• [DESCRIPTION OF THE TASK]: Give again, word for word, every line in the entries below from the line with "Vista 13 de" up to and including the line with "値下げ❣️【新品】HOUSEOFLOTUSチェック柄ストール グレー イエロー大判", and no other line.

• [GIVEN ENTRIES]:

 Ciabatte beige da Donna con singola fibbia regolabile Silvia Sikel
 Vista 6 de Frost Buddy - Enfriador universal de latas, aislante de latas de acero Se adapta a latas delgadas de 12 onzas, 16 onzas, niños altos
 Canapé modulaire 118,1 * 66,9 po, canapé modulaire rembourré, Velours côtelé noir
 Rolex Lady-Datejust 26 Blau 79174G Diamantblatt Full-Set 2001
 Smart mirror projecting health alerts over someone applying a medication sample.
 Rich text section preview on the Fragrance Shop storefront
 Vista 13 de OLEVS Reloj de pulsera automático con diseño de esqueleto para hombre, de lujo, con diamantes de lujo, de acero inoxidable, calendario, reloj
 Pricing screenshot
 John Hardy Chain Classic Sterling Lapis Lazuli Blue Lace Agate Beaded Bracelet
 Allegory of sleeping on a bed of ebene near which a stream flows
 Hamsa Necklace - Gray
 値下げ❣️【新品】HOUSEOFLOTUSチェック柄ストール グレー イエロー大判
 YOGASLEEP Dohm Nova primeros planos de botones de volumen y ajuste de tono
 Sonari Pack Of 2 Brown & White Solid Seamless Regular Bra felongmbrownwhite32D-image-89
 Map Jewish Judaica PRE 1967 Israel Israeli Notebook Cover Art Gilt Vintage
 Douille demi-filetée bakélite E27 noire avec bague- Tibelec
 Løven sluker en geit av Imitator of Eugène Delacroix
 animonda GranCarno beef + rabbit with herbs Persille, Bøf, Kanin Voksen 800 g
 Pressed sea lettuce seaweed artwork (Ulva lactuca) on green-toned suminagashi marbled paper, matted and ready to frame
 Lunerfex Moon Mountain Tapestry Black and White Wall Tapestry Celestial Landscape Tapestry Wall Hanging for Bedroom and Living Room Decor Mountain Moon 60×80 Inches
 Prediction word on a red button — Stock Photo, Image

• [RESULT OF THIS EXERCISE]:
 Vista 13 de OLEVS Reloj de pulsera automático con diseño de esqueleto para hombre, de lujo, con diamantes de lujo, de acero inoxidable, calendario, reloj
 Pricing screenshot
 John Hardy Chain Classic Sterling Lapis Lazuli Blue Lace Agate Beaded Bracelet
 Allegory of sleeping on a bed of ebene near which a stream flows
 Hamsa Necklace - Gray
 値下げ❣️【新品】HOUSEOFLOTUSチェック柄ストール グレー イエロー大判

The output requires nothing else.